Start of Block

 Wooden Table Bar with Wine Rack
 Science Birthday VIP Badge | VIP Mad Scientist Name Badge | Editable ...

End of Block
Start of Block

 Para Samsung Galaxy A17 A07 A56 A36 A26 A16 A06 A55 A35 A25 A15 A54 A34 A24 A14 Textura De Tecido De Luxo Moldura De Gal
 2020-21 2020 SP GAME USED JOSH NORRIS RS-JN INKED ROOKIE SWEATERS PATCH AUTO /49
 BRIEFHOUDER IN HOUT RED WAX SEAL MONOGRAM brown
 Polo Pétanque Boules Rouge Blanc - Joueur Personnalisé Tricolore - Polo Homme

End of Block

**Task to carry out**. Only the lines above starting at the one containing "BRIEFHOUDER IN HOUT" and ending at the one containing "Polo Pétanque Boules", both included, are to be returned, exactly as they read.

**Exercise result**.
 BRIEFHOUDER IN HOUT RED WAX SEAL MONOGRAM brown
 Polo Pétanque Boules Rouge Blanc - Joueur Personnalisé Tricolore - Polo Homme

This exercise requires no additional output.